SUMMARY OF THE INVENTION
[0013] Hence, there is a need for a system that reduces the above
mentioned disadvantages that appear in the reception of digital or
digitized signals.
[0014] It is therefore an object of the invention to change the
time delay between two broadcasts during playback, e.g., to
minimize the start-up time of a radio, still maintaining the
possibility to switch to the preferred audio signal after an
initial transition period.
[0015] This object is achieved in a time modification system
comprising [0016] a delay module for receiving an input signal
comprising a series of digital samples at an input sample rate, the
delay module providing a delayed output signal; [0017] a duration
modification module for receiving the input signal and providing a
modified output signal; [0018] a first switch for selecting either
the delayed output signal or the modified output signal.
[0019] It is possible to change the length of an existing buffer
i.e. making it longer or shorter. This may be applied to minimize
the start-up time of a radio, still maintaining the possibility to
switch to the preferred audio signal after an initial transition
period. Additionally, it may be used to adjust the time-alignment
between the signals from the different broadcasts, in which case
the delay may be required to increase or decrease.

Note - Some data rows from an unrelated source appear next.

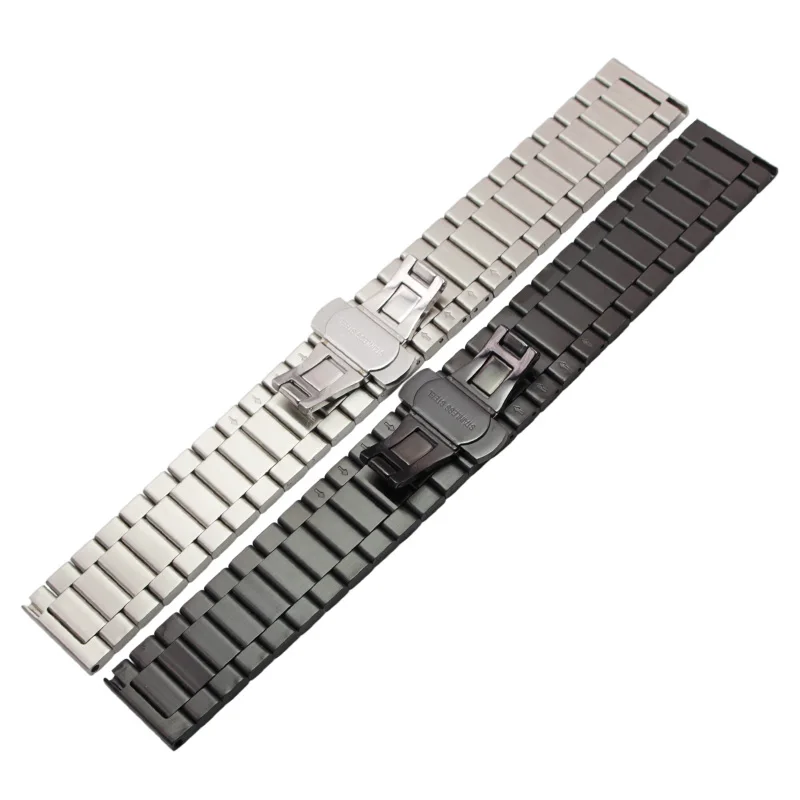 High Quality Stainless Steel Watchbands Bracelet 16mm 18mm 20mm 22mm Silver Black Metal Watch Band Strap Fit For Huawei Gear S3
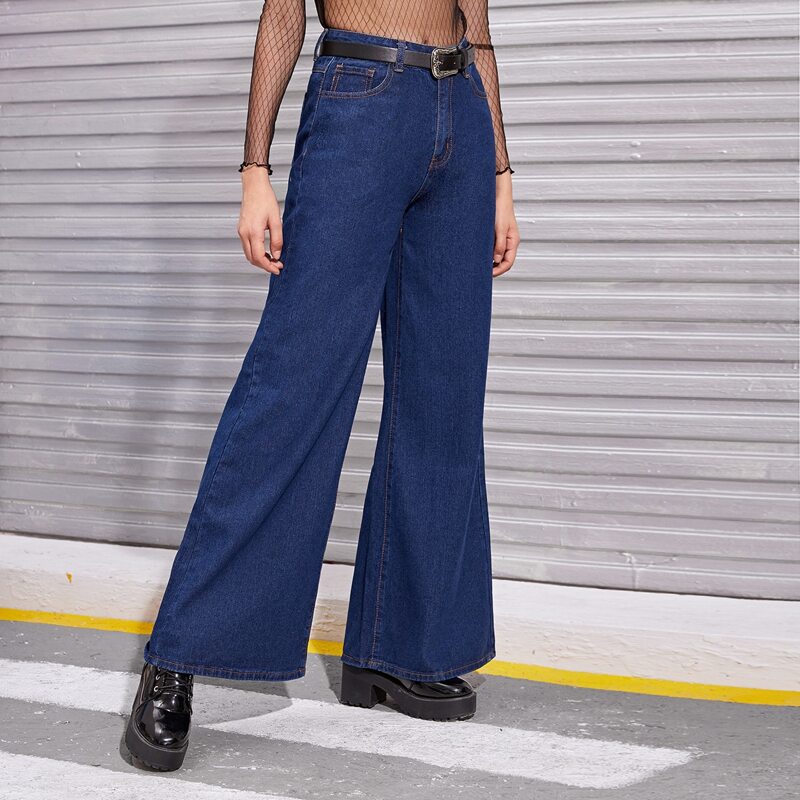 

Dark Wash Wide Leg Jeans Without Belt, Navy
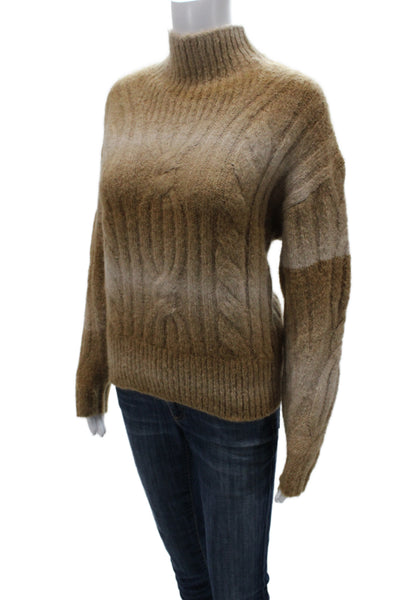 Banana Republic Unisex Pullover Sweater Brown Mock Neck Long Sleeve Size XS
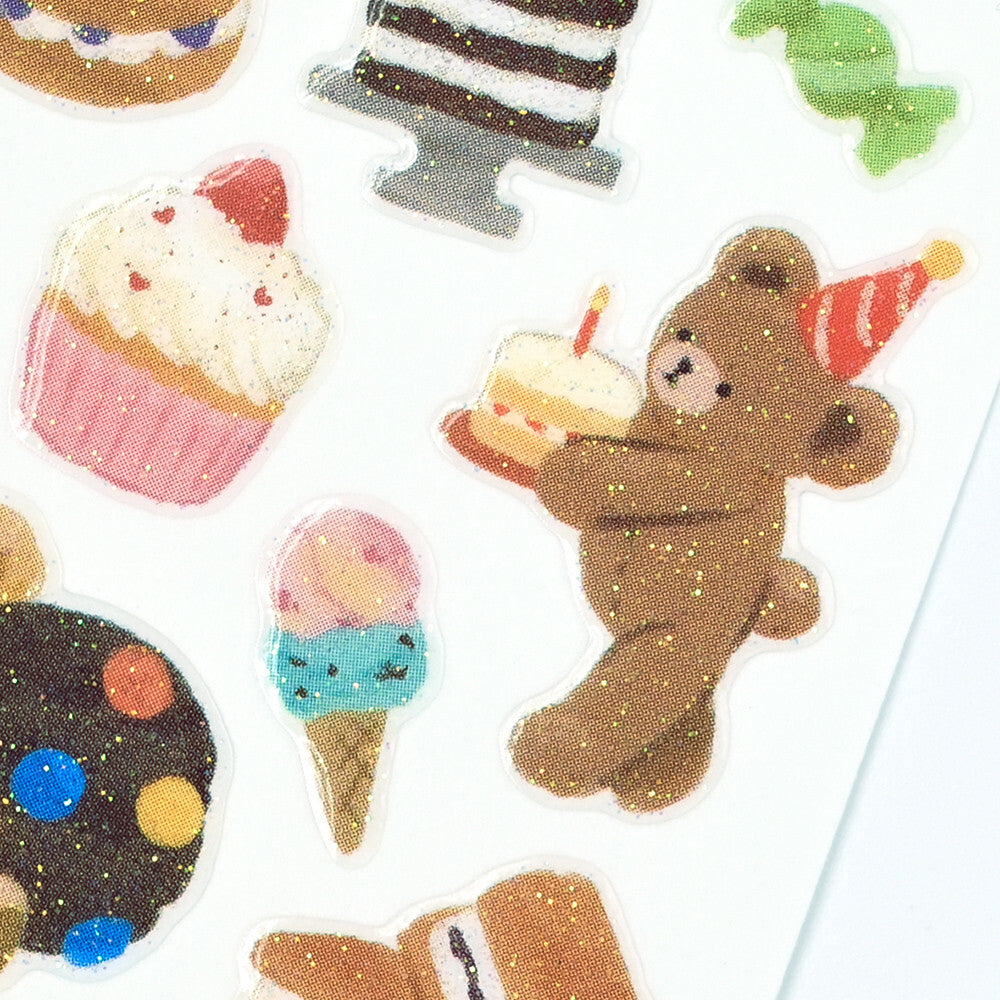 NB Japanese Sparkly Stickers - Teddy Bear Sweets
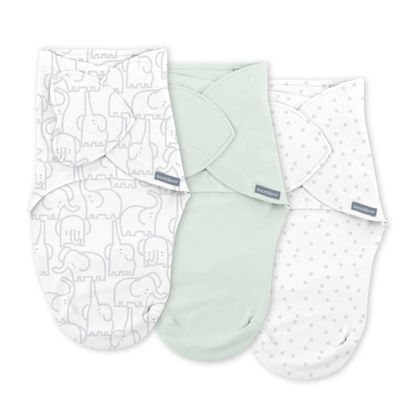 Picture of SwaddleMe by Ingenuity Monogram Collection Baby Swaddle, 100% Cotton, Improves Sleep & Calms Startle Reflex, 0-3 Months, Pocket Fold Design for Easy Changes, 1.0 TOG, 3-Pack - Elephant Dance
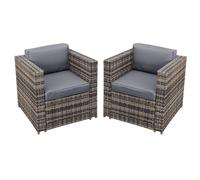 Oseasons Malta Rattan 2 Seat Twin Chair Set In Walnut Grey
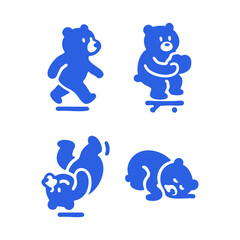 Four stylized blue bear illustrations depicting various actions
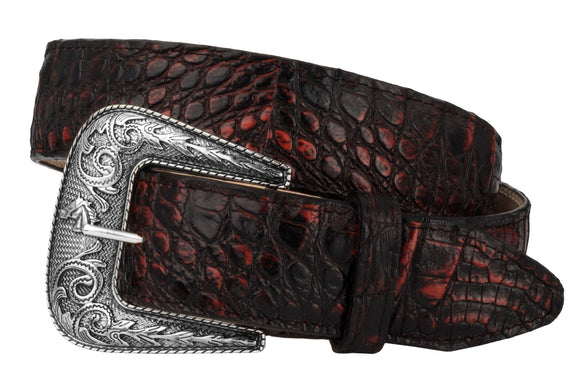 Mens Crocodile Alligator Pattern Leather Western Dress Cowboy Belt Black Cherry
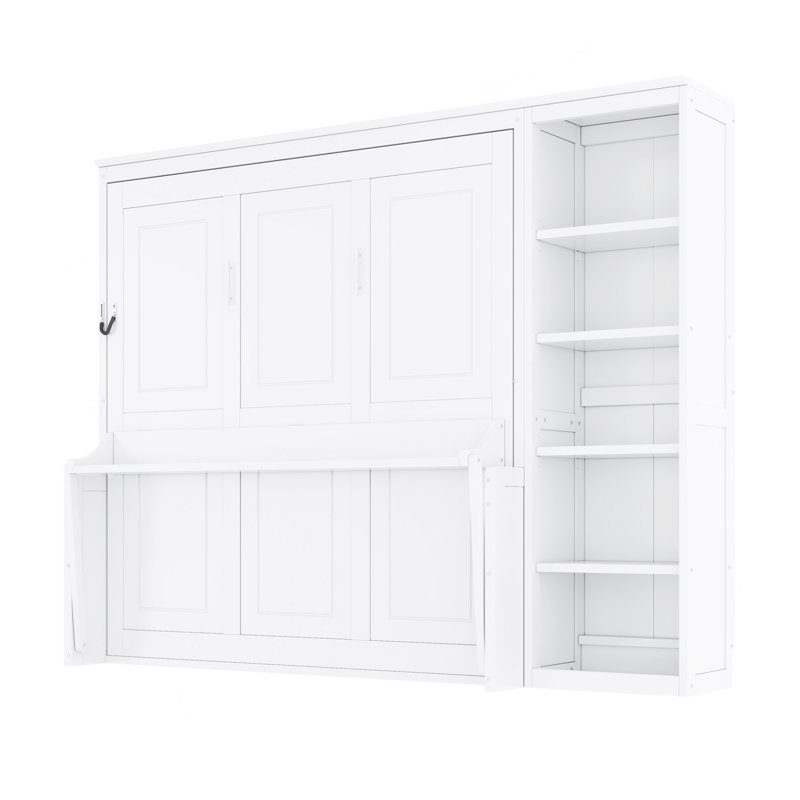 Grand lit escamotable avec bureau et bibliothèque, Blanc, Grand lit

[0020] In an embodiment, the input to the duration modification
module consists of the input audio signal.
[0021] In another embodiment, the input to the duration
modification module consists of a delayed version of the input
audio signal, which may reuse the delay buffer already in place.
This way, the delay buffer is used to generate two versions of the
input signal, with different delays.
[0022] In an embodiment, the duration modification module is
adapted to change the duration of the input signal and to maintain
input signal spectral characteristics.
[0023] Additionally, in another embodiment, the duration
modification module is adapted to re-sample the input signal to a
lower sample rate than the rate of the input signal. Preferably the
input signal is an audio signal.
[0024] In yet another embodiment, the time modification system is
used in a system for blending signals comprising [0025] a time
modification system as claimed in any preceding claims adapted to
receive a first input signal and providing a time-modified output
signal, [0026] a second switch adapted to select either the
modified output signal or a second input signal and to provide an
output blended signal.
[0027] The system for blending signals may further comprise a
control unit adapted to provide a first control signal for
controlling the duration modification module, a second control
signal for controlling the first switch, and a third control signal
for controlling the second switch.
[0028] In another embodiment of the invention it is provided a
method for time modifying an input signal comprising a series of
digital samples, the method comprising steps of [0029] delaying the
input signal and providing a delayed output signal, [0030]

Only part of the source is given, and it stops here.